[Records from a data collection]

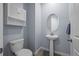 Elegant powder room with pedestal sink, oval mirror, and modern fixtures at 15604 Xenia Way, Brighton, CO 80602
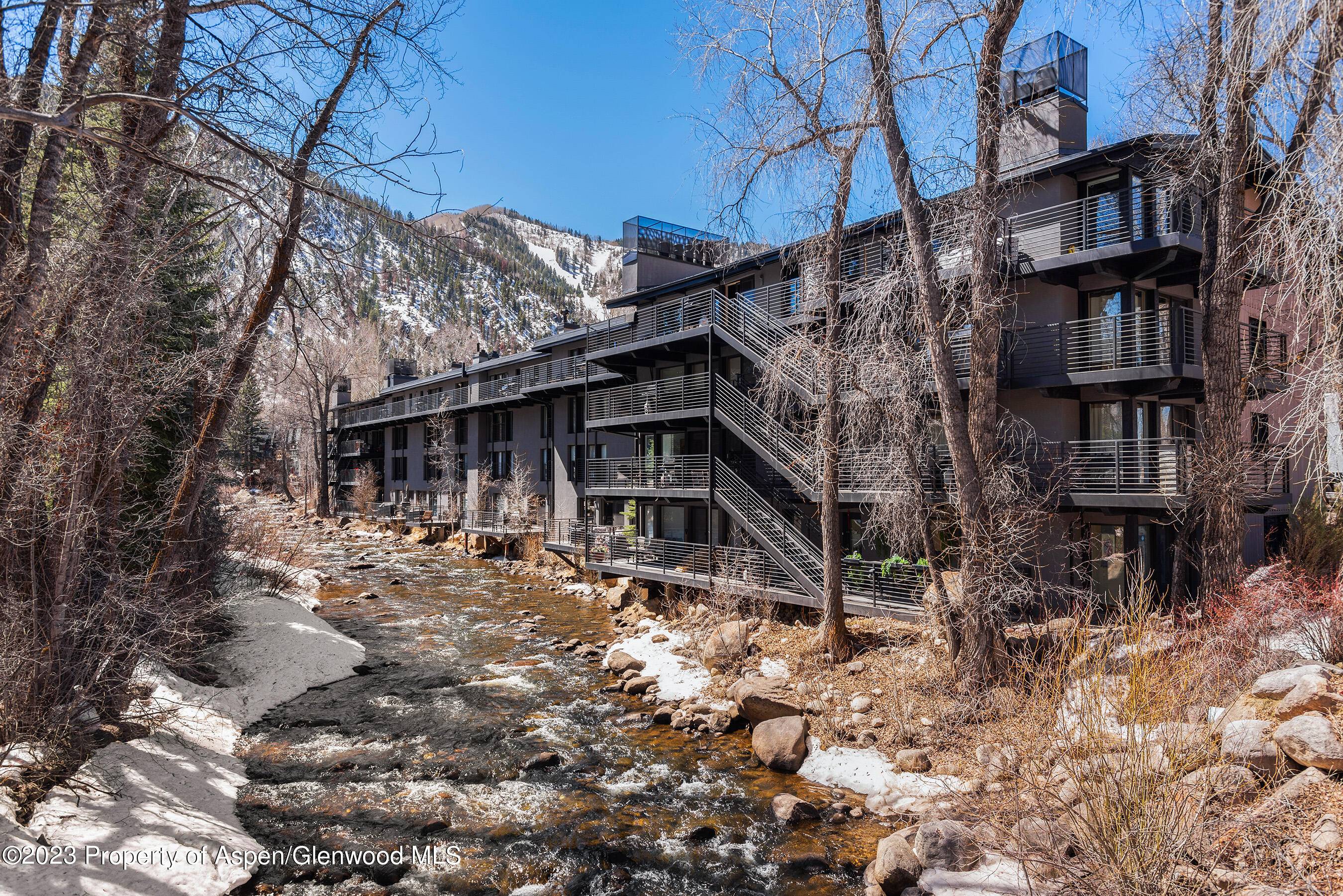 This beautiful four bedroom condo in the Core boasts amazing views of the roaring fork river.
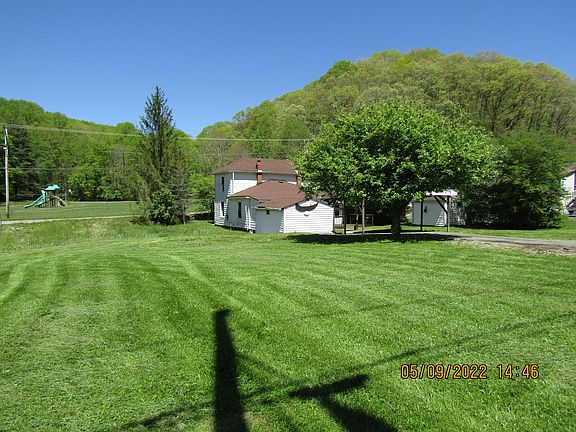 Back of house & two sheds with park across the street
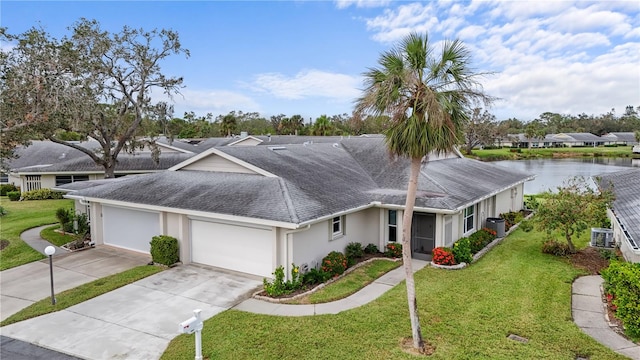 ranch-style house with a garage, a water view, driveway, roof with shingles, and a front lawn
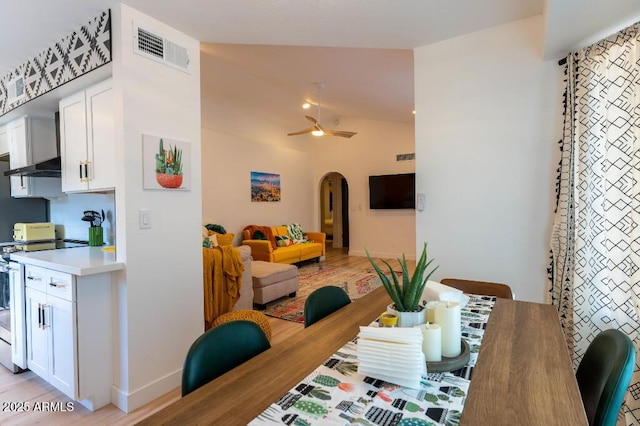 dining room featuring ceiling fan, light hardwood / wood-style flooring, and vaulted ceiling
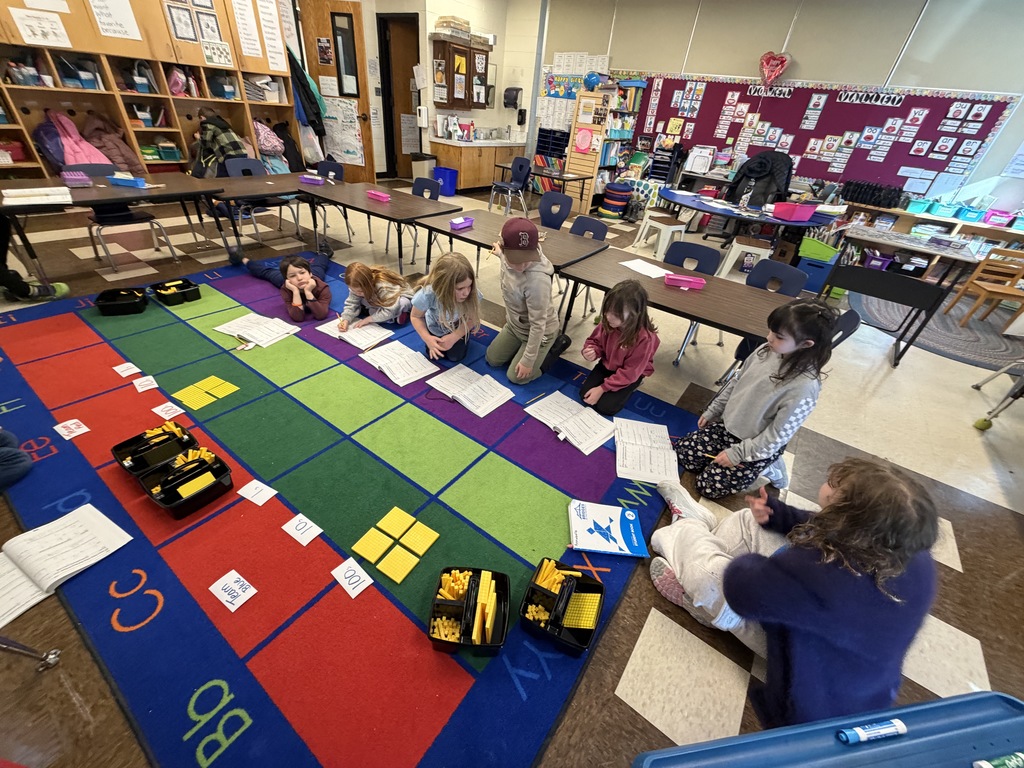 Students are building place value understanding as they create and count 1s, 10s, and 100s out of manipulatives. 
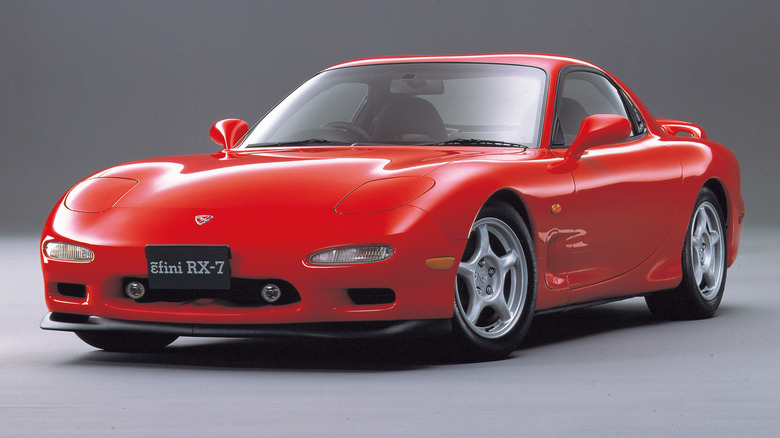 A bright red third-generation Mazda RX-7 FD sports car against a neutral gray background.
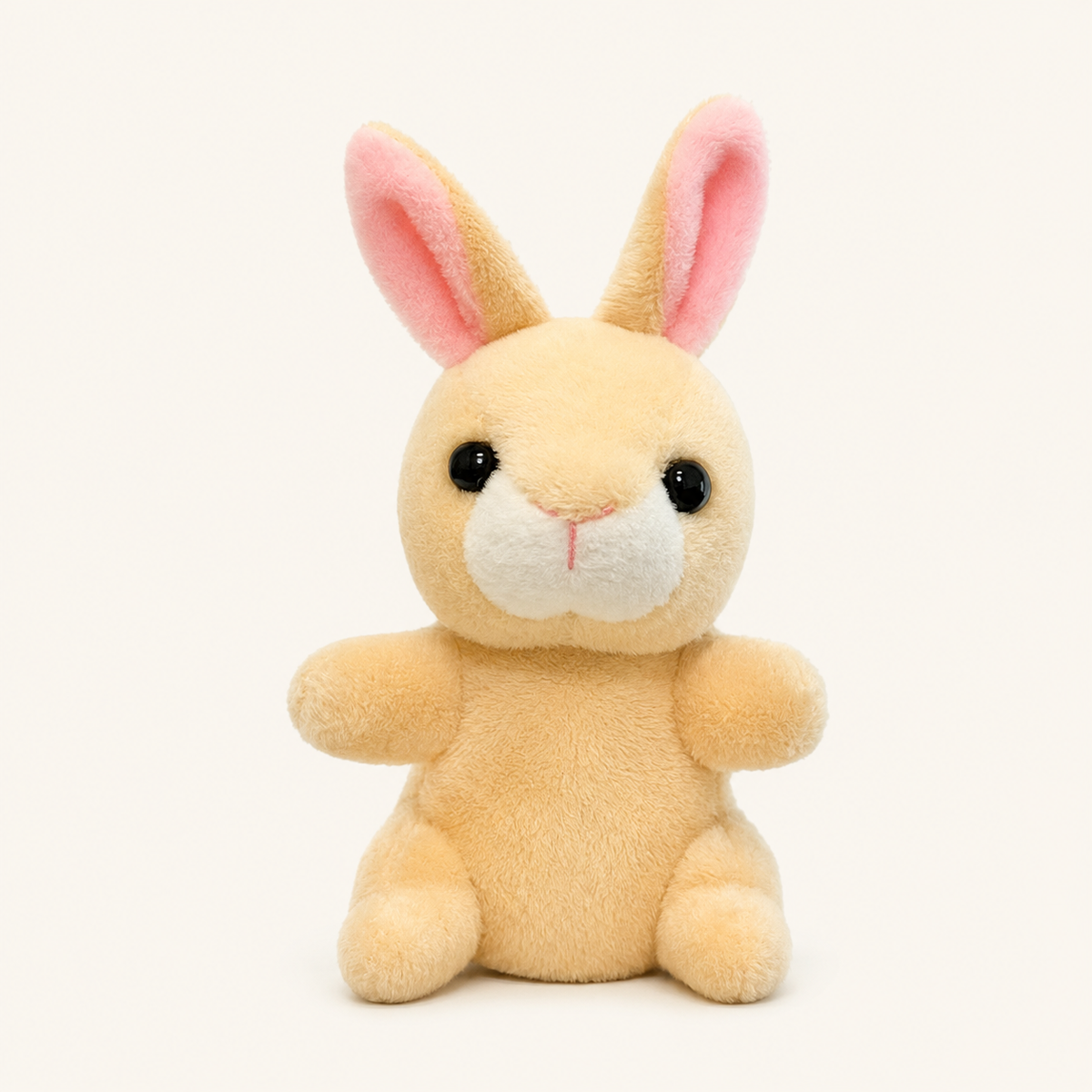 Marionnette à doigt peluche lapin beige, vue de face, environ 9 cm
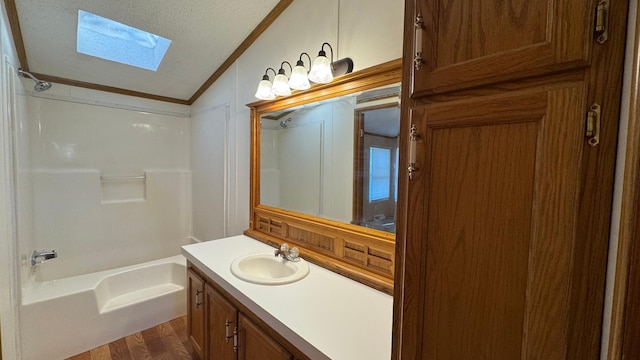 bathroom featuring vanity, bathing tub / shower combination, crown molding, vaulted ceiling with skylight, and wood-type flooring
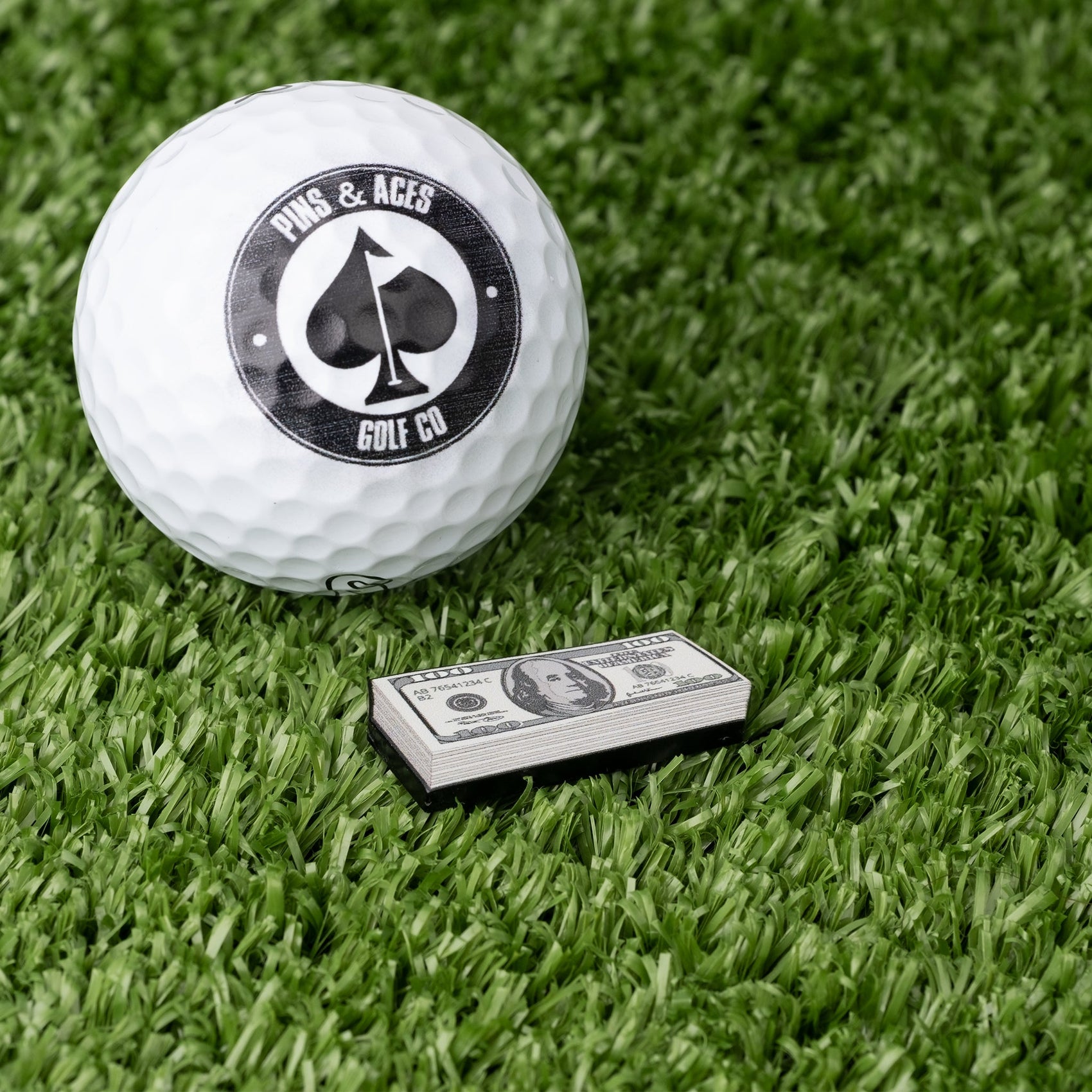 A white golf ball with a Pins and Aces logo sits on artificial grass next to novelty $100 bills and the Cash Stack Ball Marker from Pins and Aces.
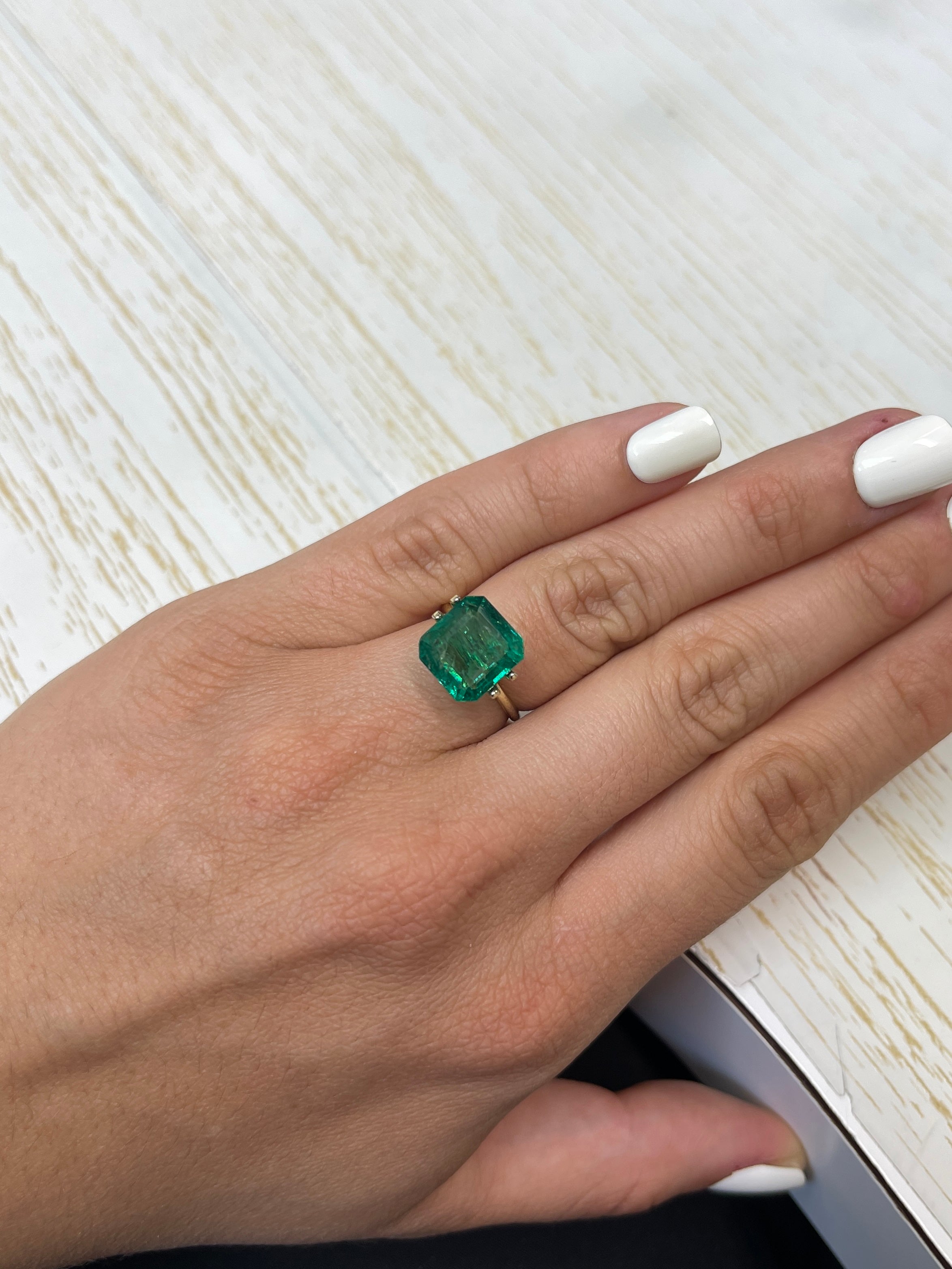 6.54 carat medium deep green Zambian emerald cut loose gemstone from JR Colombian Emeralds, natural and vibrant.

- **Problem requirements**
Restate the entries word for word, though any image they contain should not appear.

- **The completed task**
 Elegant powder room with pedestal sink, oval mirror, and modern fixtures at 15604 Xenia Way, Brighton, CO 80602
 This beautiful four bedroom condo in the Core boasts amazing views of the roaring fork river.
 Back of house & two sheds with park across the street
 ranch-style house with a garage, a water view, driveway, roof with shingles, and a front lawn
 dining room featuring ceiling fan, light hardwood / wood-style flooring, and vaulted ceiling
 Students are building place value understanding as they create and count 1s, 10s, and 100s out of manipulatives. 
 A bright red third-generation Mazda RX-7 FD sports car against a neutral gray background.
 Marionnette à doigt peluche lapin beige, vue de face, environ 9 cm
 bathroom featuring vanity, bathing tub / shower combination, crown molding, vaulted ceiling with skylight, and wood-type flooring
 A white golf ball with a Pins and Aces logo sits on artificial grass next to novelty $100 bills and the Cash Stack Ball Marker from Pins and Aces.
 6.54 carat medium deep green Zambian emerald cut loose gemstone from JR Colombian Emeralds, natural and vibrant.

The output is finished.